Deze – tussen aanhalingstekens – normalisering van niet-heteroseksuele ervaringen geeft onze Vlaming een ongemakkelijk gevoel. Diegene die schaamteloos vrouwen naroept op straat, krijgt het plotseling benauwd wanneer iemand van hetzelfde geslacht hun iets te lang in de ogen kijkt. Een man een andere man zien zoenen of de promotie van genderneutrale kledij op primetime televisie voelt bedreigend, als een aantasting van diens normen en waarden. En dus tracht de onderdrukker vooral meer te onderdrukken, met woorden of geweld. Maar we gaan niet meer weg.  We staan hier samen. We zijn hier altijd al geweest en zijn hier om te blijven.

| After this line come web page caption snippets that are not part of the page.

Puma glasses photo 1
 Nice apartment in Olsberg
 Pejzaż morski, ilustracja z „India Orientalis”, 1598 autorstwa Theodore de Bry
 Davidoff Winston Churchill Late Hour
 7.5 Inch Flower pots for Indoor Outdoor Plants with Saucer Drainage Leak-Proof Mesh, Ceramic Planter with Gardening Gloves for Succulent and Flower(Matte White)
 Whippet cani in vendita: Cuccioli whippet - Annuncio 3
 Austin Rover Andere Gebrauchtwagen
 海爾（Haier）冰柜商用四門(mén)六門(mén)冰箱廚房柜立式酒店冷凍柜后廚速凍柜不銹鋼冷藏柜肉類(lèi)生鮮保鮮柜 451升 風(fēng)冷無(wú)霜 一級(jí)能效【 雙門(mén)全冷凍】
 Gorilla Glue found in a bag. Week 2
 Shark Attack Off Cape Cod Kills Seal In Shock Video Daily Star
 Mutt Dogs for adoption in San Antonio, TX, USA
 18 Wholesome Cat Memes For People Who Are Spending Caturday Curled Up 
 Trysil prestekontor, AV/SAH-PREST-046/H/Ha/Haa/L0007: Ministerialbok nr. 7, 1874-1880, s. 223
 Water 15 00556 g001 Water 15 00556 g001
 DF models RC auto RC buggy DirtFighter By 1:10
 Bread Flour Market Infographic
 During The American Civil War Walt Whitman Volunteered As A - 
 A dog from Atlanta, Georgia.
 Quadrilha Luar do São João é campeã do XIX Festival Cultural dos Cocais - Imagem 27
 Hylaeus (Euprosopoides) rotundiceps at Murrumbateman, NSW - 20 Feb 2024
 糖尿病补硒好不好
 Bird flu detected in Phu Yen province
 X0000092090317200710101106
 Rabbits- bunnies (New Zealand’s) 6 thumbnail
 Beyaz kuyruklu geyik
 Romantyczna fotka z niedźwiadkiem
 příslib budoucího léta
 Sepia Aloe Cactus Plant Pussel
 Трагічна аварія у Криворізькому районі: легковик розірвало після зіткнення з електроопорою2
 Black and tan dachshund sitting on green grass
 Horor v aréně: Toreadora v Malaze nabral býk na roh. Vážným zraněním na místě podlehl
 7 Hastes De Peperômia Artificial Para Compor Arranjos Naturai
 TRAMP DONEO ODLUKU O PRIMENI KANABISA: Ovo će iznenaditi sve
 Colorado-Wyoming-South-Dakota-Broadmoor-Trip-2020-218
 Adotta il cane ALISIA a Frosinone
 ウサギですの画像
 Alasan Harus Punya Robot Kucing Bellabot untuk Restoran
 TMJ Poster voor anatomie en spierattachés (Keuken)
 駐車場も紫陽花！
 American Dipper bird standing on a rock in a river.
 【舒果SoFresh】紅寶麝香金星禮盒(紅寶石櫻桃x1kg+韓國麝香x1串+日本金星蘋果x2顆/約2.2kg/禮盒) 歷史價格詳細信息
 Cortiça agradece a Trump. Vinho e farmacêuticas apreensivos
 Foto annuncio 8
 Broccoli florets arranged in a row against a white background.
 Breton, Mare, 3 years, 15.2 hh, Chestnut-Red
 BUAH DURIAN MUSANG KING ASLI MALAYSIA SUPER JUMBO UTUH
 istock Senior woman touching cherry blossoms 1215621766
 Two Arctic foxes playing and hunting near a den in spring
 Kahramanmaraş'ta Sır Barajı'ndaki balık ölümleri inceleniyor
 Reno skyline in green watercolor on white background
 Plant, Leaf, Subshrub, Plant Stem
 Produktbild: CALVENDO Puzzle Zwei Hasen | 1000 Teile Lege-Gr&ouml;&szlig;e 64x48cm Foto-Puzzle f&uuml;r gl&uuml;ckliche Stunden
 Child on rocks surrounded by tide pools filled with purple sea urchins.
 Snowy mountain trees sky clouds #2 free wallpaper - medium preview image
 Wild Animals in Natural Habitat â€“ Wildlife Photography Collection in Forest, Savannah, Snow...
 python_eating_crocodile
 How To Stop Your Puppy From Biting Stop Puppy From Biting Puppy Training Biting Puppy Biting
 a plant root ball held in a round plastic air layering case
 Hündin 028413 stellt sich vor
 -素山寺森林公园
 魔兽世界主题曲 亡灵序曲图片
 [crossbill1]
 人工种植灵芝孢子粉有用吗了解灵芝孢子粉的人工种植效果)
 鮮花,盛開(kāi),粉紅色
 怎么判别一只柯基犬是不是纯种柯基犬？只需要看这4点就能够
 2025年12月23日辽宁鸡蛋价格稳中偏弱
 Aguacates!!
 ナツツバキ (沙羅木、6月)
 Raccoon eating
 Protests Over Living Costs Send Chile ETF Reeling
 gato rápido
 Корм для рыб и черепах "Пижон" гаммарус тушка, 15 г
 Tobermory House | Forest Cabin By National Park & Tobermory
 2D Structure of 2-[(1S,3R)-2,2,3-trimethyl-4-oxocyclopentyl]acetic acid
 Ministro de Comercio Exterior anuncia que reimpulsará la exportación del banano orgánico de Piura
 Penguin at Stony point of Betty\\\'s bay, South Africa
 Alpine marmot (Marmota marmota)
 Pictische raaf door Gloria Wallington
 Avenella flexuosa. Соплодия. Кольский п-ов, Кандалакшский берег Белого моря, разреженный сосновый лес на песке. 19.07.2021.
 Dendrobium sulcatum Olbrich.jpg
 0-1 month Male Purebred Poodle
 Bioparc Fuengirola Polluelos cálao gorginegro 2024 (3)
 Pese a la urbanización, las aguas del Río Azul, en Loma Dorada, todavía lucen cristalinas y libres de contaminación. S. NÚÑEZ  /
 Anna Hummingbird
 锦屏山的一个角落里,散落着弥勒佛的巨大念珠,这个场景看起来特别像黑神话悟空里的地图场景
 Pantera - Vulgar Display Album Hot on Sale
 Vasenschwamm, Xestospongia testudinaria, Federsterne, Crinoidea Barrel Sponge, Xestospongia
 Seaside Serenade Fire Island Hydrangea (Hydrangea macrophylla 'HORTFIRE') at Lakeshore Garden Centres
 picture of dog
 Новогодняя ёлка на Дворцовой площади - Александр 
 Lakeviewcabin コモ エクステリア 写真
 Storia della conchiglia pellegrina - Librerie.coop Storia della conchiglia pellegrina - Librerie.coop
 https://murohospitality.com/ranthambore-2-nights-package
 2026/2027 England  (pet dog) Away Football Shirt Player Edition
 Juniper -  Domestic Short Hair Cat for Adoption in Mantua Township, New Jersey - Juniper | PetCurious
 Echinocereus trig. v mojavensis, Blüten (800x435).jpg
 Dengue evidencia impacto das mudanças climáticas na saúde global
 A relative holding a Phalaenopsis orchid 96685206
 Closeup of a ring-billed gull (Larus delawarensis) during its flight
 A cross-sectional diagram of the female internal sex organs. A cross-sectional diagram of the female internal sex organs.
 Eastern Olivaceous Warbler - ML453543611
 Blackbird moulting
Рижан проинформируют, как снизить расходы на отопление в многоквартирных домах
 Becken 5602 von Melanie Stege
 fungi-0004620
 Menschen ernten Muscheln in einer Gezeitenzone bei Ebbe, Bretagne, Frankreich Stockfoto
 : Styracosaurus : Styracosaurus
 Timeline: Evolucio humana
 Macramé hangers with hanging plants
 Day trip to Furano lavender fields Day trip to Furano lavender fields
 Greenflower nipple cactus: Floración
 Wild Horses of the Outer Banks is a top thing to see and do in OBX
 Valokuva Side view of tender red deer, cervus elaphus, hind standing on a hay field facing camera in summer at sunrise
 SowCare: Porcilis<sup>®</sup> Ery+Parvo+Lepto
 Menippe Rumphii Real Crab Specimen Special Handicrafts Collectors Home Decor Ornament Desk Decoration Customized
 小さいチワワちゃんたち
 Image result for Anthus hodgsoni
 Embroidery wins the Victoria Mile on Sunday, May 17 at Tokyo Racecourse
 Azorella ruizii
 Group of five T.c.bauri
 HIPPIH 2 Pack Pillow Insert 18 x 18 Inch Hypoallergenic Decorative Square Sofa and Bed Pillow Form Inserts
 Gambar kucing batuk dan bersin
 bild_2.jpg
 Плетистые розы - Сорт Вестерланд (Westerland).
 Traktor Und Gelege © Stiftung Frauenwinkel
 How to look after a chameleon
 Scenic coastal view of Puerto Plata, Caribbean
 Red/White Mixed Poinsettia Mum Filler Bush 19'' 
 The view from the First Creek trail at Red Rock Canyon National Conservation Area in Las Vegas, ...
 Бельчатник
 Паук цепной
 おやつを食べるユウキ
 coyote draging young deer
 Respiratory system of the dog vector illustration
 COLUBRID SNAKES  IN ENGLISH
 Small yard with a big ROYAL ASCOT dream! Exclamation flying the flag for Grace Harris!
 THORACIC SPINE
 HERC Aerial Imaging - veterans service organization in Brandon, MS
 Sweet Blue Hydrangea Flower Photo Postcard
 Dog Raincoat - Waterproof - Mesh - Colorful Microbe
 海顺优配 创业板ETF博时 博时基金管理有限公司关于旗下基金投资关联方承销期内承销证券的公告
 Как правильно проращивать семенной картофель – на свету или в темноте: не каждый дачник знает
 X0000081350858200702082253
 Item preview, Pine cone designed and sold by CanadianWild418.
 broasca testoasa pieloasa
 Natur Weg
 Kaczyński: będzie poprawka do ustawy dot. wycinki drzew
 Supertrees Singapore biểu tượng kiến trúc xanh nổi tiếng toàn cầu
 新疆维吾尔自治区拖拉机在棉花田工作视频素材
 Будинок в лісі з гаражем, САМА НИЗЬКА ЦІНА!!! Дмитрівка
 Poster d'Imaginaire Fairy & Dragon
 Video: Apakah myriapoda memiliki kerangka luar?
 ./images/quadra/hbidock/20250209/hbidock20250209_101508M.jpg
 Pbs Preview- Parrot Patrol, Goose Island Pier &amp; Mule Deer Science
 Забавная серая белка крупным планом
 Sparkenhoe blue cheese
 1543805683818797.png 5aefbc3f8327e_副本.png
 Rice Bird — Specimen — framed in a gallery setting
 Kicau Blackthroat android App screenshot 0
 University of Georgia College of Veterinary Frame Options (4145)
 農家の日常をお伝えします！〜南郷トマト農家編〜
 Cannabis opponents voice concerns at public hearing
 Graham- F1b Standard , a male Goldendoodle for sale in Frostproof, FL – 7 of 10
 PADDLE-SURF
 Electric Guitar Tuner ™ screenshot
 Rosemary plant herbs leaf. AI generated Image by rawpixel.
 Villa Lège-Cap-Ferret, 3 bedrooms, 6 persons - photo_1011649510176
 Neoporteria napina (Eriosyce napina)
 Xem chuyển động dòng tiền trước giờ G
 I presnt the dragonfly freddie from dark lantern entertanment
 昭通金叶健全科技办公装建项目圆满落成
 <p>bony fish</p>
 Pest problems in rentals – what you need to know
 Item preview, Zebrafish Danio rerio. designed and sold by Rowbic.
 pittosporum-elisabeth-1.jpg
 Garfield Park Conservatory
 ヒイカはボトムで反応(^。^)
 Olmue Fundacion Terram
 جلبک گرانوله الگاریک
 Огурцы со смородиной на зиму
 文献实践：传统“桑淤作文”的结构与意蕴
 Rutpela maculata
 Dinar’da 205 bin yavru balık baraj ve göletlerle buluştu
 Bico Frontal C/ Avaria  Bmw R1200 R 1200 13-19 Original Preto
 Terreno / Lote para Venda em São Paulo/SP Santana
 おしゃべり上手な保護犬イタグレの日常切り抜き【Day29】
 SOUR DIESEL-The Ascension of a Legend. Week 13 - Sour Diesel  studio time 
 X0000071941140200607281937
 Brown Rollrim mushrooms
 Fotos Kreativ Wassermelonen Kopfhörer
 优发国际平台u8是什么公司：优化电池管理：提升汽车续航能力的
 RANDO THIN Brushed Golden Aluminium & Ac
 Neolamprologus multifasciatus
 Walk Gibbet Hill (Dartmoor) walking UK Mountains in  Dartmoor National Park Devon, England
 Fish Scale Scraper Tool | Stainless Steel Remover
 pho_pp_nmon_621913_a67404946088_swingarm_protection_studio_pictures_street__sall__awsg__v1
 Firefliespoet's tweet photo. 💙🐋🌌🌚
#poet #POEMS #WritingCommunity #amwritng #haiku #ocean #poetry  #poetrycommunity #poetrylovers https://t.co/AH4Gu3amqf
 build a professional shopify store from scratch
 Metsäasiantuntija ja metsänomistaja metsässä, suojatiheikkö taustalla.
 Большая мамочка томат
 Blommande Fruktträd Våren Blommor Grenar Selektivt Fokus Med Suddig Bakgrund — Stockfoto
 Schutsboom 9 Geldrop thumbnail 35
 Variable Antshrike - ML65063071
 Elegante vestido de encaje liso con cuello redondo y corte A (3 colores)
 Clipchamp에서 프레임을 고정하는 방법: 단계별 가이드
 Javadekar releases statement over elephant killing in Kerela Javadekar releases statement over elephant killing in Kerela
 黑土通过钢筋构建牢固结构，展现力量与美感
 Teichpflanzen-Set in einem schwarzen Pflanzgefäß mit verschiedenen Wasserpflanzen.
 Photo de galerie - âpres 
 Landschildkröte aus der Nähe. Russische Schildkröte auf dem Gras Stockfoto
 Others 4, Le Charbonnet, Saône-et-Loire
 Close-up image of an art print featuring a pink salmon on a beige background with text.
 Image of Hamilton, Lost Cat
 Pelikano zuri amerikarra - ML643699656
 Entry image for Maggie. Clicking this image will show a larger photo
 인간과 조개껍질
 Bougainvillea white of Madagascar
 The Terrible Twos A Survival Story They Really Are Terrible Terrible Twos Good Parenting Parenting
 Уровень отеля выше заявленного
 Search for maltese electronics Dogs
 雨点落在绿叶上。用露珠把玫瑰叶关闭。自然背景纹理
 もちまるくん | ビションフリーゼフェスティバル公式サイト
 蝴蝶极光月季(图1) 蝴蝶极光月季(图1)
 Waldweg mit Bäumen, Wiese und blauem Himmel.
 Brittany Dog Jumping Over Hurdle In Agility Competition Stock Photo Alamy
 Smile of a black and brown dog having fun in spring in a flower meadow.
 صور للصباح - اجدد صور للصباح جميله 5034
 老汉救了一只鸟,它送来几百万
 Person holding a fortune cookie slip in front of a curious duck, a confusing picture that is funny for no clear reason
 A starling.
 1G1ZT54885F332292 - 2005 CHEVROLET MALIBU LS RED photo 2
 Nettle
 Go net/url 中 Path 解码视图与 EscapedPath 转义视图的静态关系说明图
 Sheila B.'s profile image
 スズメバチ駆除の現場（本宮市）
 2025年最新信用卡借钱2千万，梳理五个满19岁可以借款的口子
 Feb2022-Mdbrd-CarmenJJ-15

Als biseksuele vrouw die enkel nog maar heteroseksuele relaties heeft ervaren, is het moeilijk zwaarwichtige uitspraken te doen over ervaringen met homo- of transfobie; dat voelt niet als iets waarvoor ik op mijn plaats ben. Ik zie overal rondom mij tientallen inspirerende personen die elke dag opnieuw strijden tegen haat en vooroordelen rondom seksualiteit en genderidentiteit. Het is van uiterst belang dat we hun een podium geven en luisteren naar wat zij te zeggen hebben. De vaak geprivilegieerde beleidsmakers kunnen nooit een anti-haatbeleid uitwerken zonder stemmen uit de community. En daarom eindig ik met een oproep naar organisaties om te luisteren naar de woorden van zij die gehoord moeten worden. Ze zijn met velen en ze zijn luid, en worden alleen maar luider. Het is hoog tijd om te luisteren.